*** Opening THE DATA ***

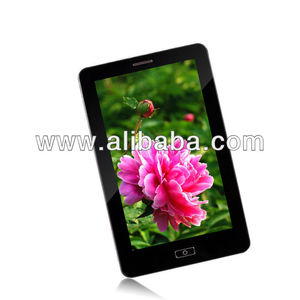 Built-in 2G Phone Tablet PC with 7 inch LCD
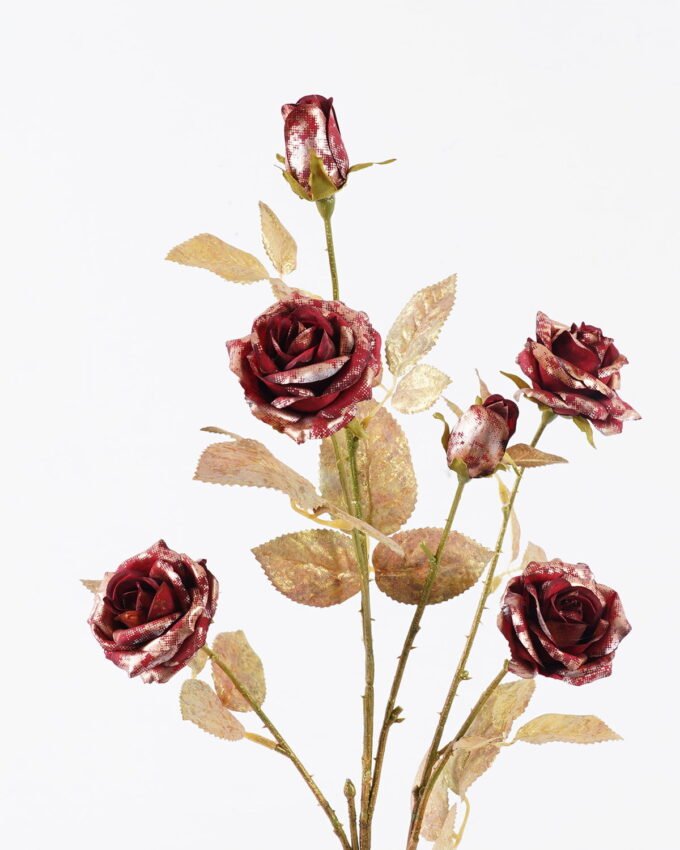 Artificial Flower 15*15*68cm Rose *6 single stem GS-58825025-R2 2025Dec YeahFlower is one of Chinese leading OEM manufacturers and exporters , supplying the silk flowers, wholesale artificial trees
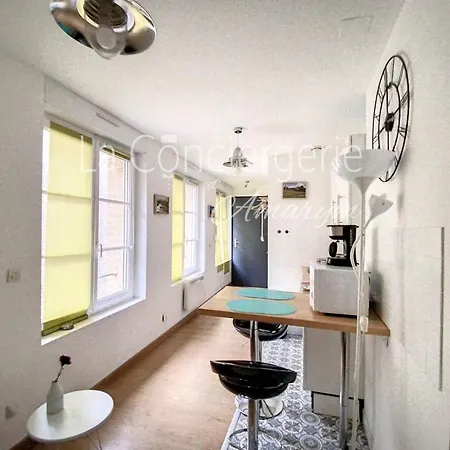 Apartment Studio A 300m De La De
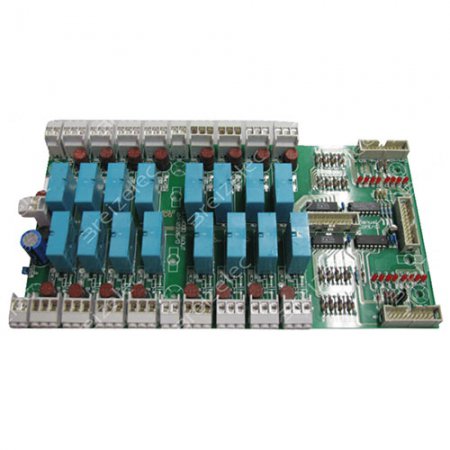 Forfait réparation carte 16 sorties avec changement des 16 relais Fullwood - BR2397 - Forfait réparation carte 16 sorties avec changement des 16 relais Fullwood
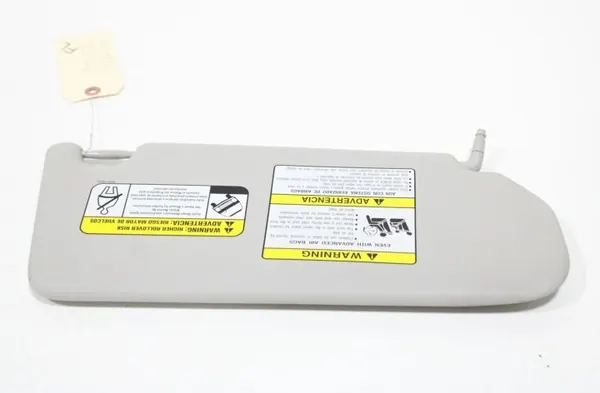 Visera solar OEM 7620B771HA para Mitsubishi Space Star image 2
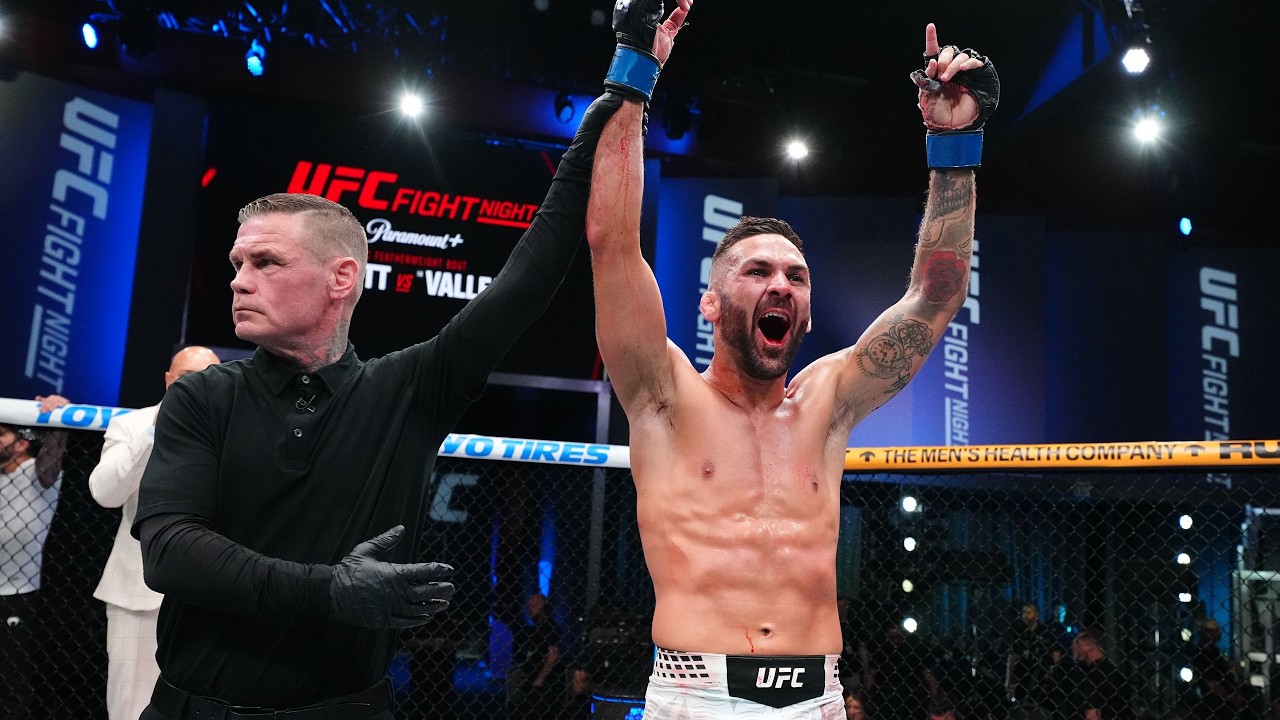 HECHER SOSA CUMPLE EL SUEÑO DE SU PADRE: VICTORIA EN SU DEBUT EN LA UFC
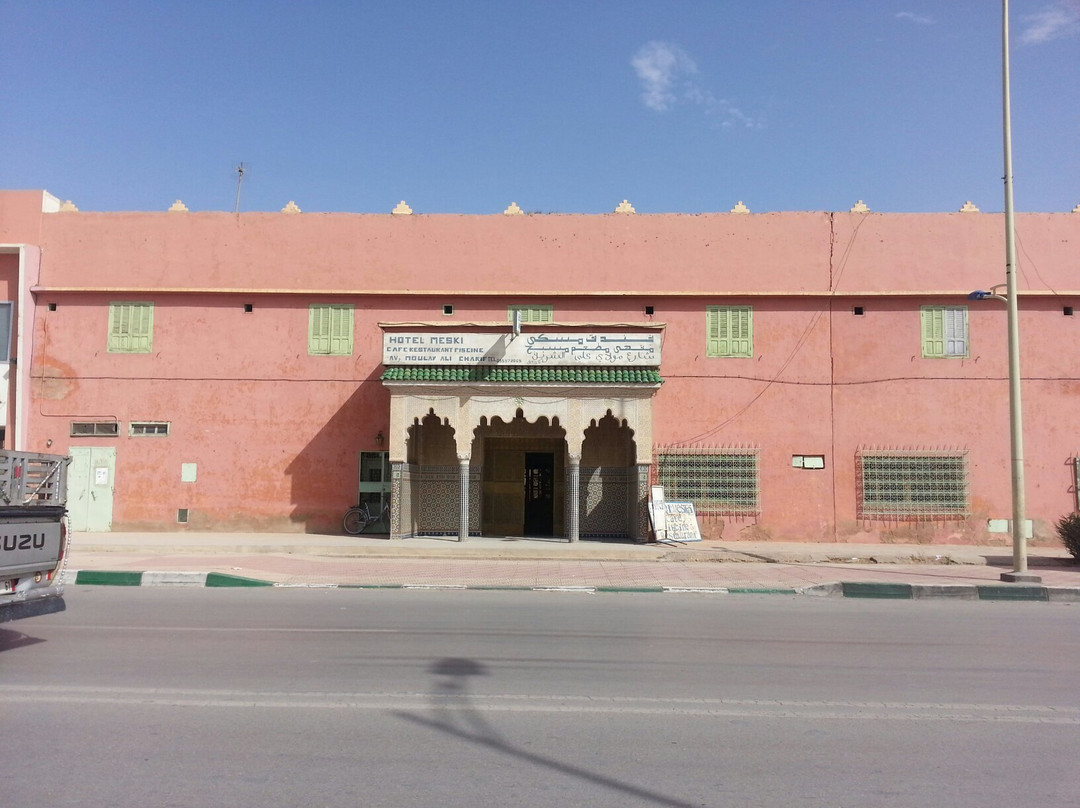 Amelkis酒店住宿-Hotel Meski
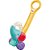 Fisher-price infant elefante bolinhas divertidas - mattel (unidade) - Imagem 1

*** Closing THE DATA ***

**TASK OBJECTIVE:**
Write out the records above exactly as they appear, leaving out any pictures.

**RESPONSE FOR THIS EXERCISE:**
 Built-in 2G Phone Tablet PC with 7 inch LCD
 Artificial Flower 15*15*68cm Rose *6 single stem GS-58825025-R2 2025Dec YeahFlower is one of Chinese leading OEM manufacturers and exporters , supplying the silk flowers, wholesale artificial trees
 Apartment Studio A 300m De La De
 Forfait réparation carte 16 sorties avec changement des 16 relais Fullwood - BR2397 - Forfait réparation carte 16 sorties avec changement des 16 relais Fullwood
 Visera solar OEM 7620B771HA para Mitsubishi Space Star image 2
 HECHER SOSA CUMPLE EL SUEÑO DE SU PADRE: VICTORIA EN SU DEBUT EN LA UFC
 Amelkis酒店住宿-Hotel Meski
 Fisher-price infant elefante bolinhas divertidas - mattel (unidade) - Imagem 1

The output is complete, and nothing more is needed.